Другой свердловский автор, Яков Лазаревич Резник, в книге «Чекист» – о жизни Я.М. Юровского (Свердловск, 1968) еще более краток:
«В ночь с 16 на 17 июля Яков Юровский, Григорий Никулин, Павел Медведев, Петр Ермаков привели приговор в исполнение».
Между тем для чекиста Юровского, героя повествования, это был «звездный час» жизни, операция № 1.
После он и в гору по службе пошел… О Голощекине вновь ни слова.
М.К. Кашинов в объемистой книге «Двадцать три ступени вниз» (М., 1978) посвящает расстрелу одну строку:
«В ночь на 17 июля все было кончено…»
Г. 3. Иоффе в монографии «Великий Октябрь и эпилог царизма» (М., 1987) о моменте казни царя и его семьи не пишет вообще.
О чем умалчивали десятки лет, повинуясь негласным указаниям «сверху», штатные советские историки партии и революции?
Кровавая бойня совершилась в одной из комнат нижнего, подвального этажа. Это был тупик, за которым шла глухая кладовая. Единственное окно, обращенное на Вознесенский переулок, снаружи было забрано в железную решетку, сильно углубленную в землю. «Один выбор этой комнаты говорит сам за себя: убийство было строго обдумано, – делал вывод Соколов. – Эта комната – в полной мере застенок. Наш старый закон называл такие убийства «подлыми».[41]

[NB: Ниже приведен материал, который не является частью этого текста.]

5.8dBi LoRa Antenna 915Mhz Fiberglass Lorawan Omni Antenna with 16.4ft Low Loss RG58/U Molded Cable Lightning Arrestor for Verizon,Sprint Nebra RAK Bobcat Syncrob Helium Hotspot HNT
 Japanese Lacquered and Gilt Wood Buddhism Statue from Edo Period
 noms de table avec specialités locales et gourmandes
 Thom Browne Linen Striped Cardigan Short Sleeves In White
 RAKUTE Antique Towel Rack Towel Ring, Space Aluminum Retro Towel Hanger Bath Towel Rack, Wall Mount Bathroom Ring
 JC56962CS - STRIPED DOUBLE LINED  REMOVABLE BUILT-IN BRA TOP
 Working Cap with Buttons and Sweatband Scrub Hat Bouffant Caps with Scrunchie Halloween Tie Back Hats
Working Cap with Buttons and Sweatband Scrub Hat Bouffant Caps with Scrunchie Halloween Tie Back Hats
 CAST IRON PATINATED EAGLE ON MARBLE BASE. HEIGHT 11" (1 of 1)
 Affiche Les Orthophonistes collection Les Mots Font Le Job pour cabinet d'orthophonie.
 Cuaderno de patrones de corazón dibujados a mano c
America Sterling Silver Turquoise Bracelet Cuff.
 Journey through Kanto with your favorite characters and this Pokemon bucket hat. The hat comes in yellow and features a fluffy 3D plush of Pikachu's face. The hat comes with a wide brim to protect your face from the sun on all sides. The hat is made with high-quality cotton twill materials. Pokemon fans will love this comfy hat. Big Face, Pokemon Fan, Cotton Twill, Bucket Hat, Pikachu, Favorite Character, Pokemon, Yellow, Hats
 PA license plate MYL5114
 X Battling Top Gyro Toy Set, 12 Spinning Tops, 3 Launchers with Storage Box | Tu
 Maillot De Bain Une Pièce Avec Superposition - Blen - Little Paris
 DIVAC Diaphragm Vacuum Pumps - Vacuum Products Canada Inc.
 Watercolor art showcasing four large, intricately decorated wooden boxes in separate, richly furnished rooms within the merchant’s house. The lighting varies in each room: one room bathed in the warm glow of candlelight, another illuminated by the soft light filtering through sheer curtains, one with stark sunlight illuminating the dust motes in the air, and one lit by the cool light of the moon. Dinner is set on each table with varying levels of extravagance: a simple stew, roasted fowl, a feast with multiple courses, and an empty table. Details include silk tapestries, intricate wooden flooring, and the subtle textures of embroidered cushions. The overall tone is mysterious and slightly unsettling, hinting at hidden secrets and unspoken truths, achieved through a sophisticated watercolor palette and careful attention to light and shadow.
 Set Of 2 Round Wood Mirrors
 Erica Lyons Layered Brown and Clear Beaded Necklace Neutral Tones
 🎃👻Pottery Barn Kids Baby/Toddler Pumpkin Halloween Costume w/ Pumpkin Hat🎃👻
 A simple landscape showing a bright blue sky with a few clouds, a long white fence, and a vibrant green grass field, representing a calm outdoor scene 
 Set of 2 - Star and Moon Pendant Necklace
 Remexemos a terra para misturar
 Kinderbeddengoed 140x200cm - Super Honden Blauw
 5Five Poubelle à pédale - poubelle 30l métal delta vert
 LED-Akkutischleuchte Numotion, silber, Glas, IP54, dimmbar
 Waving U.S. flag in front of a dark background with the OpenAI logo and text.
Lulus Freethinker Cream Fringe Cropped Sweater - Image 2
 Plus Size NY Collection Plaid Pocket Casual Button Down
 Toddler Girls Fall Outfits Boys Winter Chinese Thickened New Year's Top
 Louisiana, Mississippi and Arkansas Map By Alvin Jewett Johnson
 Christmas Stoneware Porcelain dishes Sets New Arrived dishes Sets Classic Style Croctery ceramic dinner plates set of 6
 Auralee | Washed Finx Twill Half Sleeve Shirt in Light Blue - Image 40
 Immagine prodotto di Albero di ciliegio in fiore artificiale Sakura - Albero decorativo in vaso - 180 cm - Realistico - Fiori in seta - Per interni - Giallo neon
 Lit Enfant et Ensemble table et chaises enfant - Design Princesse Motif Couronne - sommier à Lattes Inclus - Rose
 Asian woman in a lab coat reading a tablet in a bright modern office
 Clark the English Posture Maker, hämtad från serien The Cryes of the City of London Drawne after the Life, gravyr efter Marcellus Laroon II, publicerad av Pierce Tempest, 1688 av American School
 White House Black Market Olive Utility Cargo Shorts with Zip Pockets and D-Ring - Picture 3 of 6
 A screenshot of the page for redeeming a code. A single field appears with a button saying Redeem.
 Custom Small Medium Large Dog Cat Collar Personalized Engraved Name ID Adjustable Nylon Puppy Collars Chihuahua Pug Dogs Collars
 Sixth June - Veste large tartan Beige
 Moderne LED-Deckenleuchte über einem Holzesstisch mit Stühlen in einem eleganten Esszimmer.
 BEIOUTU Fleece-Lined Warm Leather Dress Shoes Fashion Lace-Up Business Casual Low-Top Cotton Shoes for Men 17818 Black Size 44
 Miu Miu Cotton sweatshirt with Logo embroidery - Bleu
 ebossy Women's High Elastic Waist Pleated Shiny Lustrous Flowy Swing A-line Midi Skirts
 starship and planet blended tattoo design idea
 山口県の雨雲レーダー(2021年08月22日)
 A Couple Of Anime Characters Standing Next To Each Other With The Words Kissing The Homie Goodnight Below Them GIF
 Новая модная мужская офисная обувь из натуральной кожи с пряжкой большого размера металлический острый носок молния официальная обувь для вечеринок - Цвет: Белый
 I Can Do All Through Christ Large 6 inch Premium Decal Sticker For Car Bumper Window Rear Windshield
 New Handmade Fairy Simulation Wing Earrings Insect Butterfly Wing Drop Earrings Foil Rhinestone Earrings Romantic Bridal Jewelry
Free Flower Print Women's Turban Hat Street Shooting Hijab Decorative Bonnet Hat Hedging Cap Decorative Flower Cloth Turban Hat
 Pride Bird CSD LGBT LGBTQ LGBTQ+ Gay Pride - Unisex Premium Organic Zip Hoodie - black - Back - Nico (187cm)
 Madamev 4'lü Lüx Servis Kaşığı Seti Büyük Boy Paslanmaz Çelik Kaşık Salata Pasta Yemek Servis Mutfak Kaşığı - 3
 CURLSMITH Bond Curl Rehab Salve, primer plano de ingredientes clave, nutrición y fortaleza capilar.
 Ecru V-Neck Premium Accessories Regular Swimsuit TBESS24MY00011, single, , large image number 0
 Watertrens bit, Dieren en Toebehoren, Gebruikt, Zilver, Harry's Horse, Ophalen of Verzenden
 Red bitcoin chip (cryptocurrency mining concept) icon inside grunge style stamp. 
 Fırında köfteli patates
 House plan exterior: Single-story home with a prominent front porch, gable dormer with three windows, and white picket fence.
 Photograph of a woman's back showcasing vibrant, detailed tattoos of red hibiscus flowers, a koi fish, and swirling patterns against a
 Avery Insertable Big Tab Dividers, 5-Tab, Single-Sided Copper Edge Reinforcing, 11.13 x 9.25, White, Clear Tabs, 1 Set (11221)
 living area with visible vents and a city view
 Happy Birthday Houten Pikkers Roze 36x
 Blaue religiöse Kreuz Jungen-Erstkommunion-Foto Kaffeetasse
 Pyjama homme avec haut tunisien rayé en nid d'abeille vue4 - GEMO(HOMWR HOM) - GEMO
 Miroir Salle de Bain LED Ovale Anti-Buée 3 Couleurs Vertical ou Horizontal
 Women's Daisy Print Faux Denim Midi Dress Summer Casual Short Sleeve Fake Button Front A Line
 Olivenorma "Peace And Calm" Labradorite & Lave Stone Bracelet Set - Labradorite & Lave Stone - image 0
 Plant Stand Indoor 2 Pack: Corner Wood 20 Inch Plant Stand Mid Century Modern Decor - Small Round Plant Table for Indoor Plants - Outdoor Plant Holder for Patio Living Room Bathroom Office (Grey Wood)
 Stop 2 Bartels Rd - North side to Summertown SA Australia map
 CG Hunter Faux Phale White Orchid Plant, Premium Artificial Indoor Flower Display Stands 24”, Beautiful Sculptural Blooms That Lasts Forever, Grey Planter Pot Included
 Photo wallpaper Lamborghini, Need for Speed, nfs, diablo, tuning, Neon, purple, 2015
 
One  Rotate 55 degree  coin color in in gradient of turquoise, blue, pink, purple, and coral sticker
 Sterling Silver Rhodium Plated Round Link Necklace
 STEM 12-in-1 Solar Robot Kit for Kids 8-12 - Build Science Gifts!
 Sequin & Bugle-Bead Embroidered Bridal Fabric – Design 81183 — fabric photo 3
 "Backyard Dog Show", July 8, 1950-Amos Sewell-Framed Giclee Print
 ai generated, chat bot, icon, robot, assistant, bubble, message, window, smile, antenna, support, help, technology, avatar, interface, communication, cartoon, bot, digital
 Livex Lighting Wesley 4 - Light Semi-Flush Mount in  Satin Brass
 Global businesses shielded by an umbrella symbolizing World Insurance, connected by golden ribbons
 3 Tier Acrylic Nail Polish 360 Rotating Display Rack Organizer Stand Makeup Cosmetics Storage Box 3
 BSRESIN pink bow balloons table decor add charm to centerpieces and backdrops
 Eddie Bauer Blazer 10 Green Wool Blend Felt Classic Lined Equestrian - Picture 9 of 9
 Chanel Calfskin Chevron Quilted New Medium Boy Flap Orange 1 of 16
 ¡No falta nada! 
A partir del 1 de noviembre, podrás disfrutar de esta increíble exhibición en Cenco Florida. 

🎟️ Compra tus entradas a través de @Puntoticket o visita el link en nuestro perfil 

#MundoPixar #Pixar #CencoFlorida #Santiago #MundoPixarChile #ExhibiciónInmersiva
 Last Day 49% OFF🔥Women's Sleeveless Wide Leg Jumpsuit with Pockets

После взятия белыми Екатеринбурга следствию удалось допросить участников событий.
Охранник Проскуряков показал: «Вечером Юровский сказал Медведеву, что царская семья ночью будет расстреляна, и приказал предупредить об этом рабочих и отобрать у постовых револьверы. Пашка Медведев приказание Юровского в точности исполнил. В 12 часов ночи Юровский стал будить царскую семью, потребовав, чтобы они все оделись и сошли в нижние комнаты. По словам Медведева, Юровокий будто бы такие объяснения привел царской семье: ночь будет «опасная»… может быть, стрельбы на улицах… Встали они все в два ряда. Сам Юровский стал читать им какую-то бумагу. Государь не дослушал и спросил Юровского: «Что?» А он, по словам Пашки, поднял руку с револьвером и ответил Государю, показывая ему револьвер: «Вот что!» Когда их всех расстреляли, Андрей Стрекотин, как он мне это сам говорил, снял с них все драгоценности. Их тут же отобрал Юровский и унес наверх».[42]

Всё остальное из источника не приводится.